BEGIN INFORMATION PROVIDED

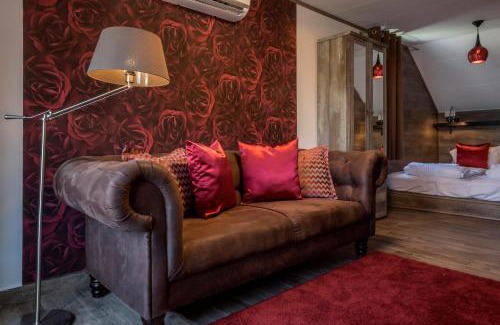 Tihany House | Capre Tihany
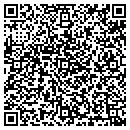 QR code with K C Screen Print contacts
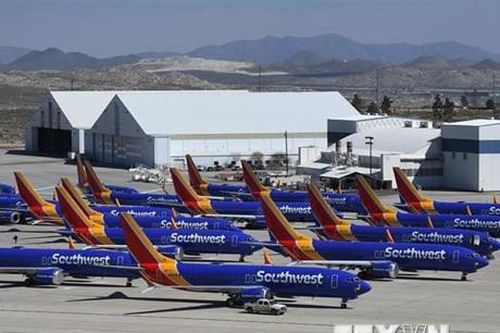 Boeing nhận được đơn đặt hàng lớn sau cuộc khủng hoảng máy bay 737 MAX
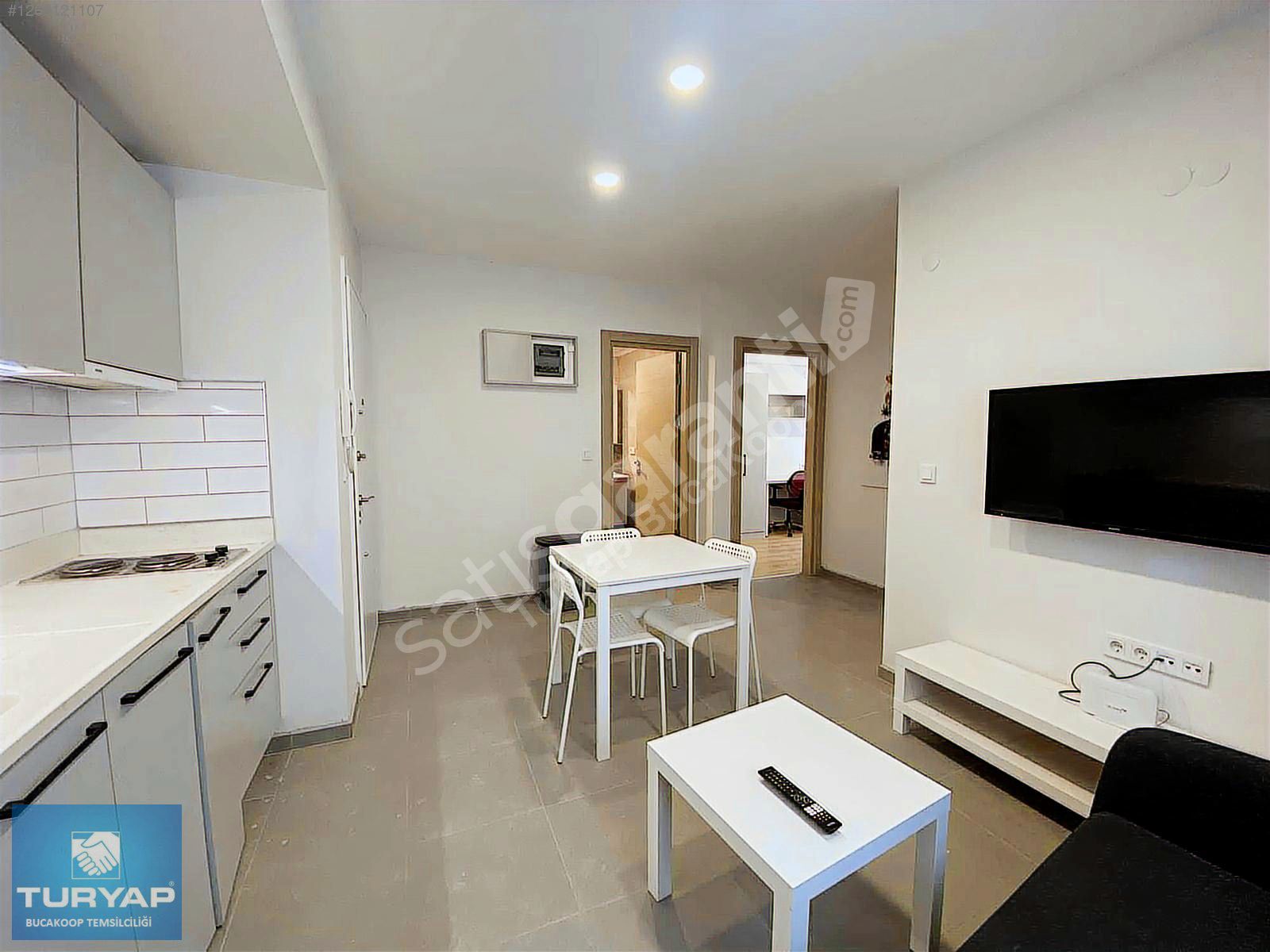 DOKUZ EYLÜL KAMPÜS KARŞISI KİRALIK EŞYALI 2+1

END INFORMATION PROVIDED

Images are to be left out; everything else in the material must be written out exactly.

 Tihany House | Capre Tihany
 QR code with K C Screen Print contacts
 Boeing nhận được đơn đặt hàng lớn sau cuộc khủng hoảng máy bay 737 MAX
 DOKUZ EYLÜL KAMPÜS KARŞISI KİRALIK EŞYALI 2+1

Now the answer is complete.